Você aceita ouvir críticas?

Estar disposto a abrir-se para avaliações externas é uma das estratégias mais importantes para o crescimento pessoal. Embora não seja a coisa mais agradável do mundo ouvir uma avaliação crítica, a atenção ao relato de possíveis falhas pode servir como alavanca para o nosso desenvolvimento.

Quando a gente não aceita escutar os questionamentos alheios, a gente se fecha para o mundo.

Este tipo de atitude acontece na esfera pessoal, nos relacionamentos e também nas corporações.

Às vezes, não estamos tendo sucesso nos relacionamentos. Achamos que todo mundo conspira contra nós. Porém, frequentemente, nos sabotamos sem perceber. Quem está de fora, geralmente enxerga o que não enxergamos. Ainda assim, é muito difícil alguém chegar em nós e dizer: “você está pisando na bola nisso, nisso e naquilo…”.

Por isso, quando uma pessoa se atreve a pontuar nossas falhas, deveríamos ser agradecidos. É necessário ter bastante ousadia para abordar criticamente alguém. Existe possibilidade da pessoa estar errada a nosso respeito? Claro que sim. Porém, se ela pensa assim, será que outras pessoas não pensam a mesma coisa? E se pensam, talvez estejamos nos comunicando mal; nossas ações estão construindo uma imagem distorcida de quem somos. Por isso, ouvir as críticas pode nos levar a mudar algumas de nossas práticas.

No mundo dos negócios, é a mesma coisa. Conheço gestores cheios de certeza, donos da verdade. Ser assertivo é fundamental para o sucesso de um empreendimento. Contudo, quando um empresário ignora as críticas externas, perde a chance de reavaliar suas ações. Ouvir gente reclamando, falando mal, causa desconforto. Ainda assim, é melhor ter pessoas apontando os defeitos que só ressaltando as virtudes. Elogios frequentes cegam.
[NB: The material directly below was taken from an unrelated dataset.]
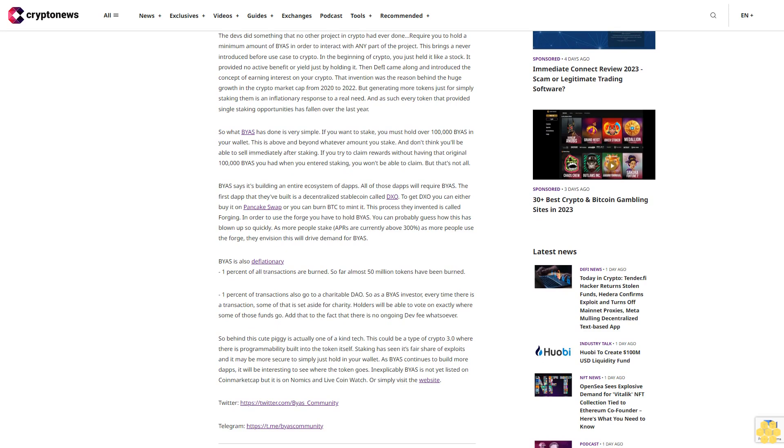So behind this cute piggy is actually one-of-a-kind tech. This could be a type of crypto 3.0, where there's programmability built into the token itself. Staking has seen its fair share of exploits, and it may be more secure to simply just hold in your wallet. As BIAS continues to build more dApps, it will be interesting to see where the token goes.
Evidente que há necessidade de filtrarmos todas as críticas que nos são feitas. Entretanto, a maneira como o mundo nos enxerga informa como as pessoas estão nos vendo. Revela como acham que somos. Por isso, manter uma escuta atenta às avaliações externas nos ajuda a reavaliar atitudes e, por isso mesmo, permite o desenvolvimento.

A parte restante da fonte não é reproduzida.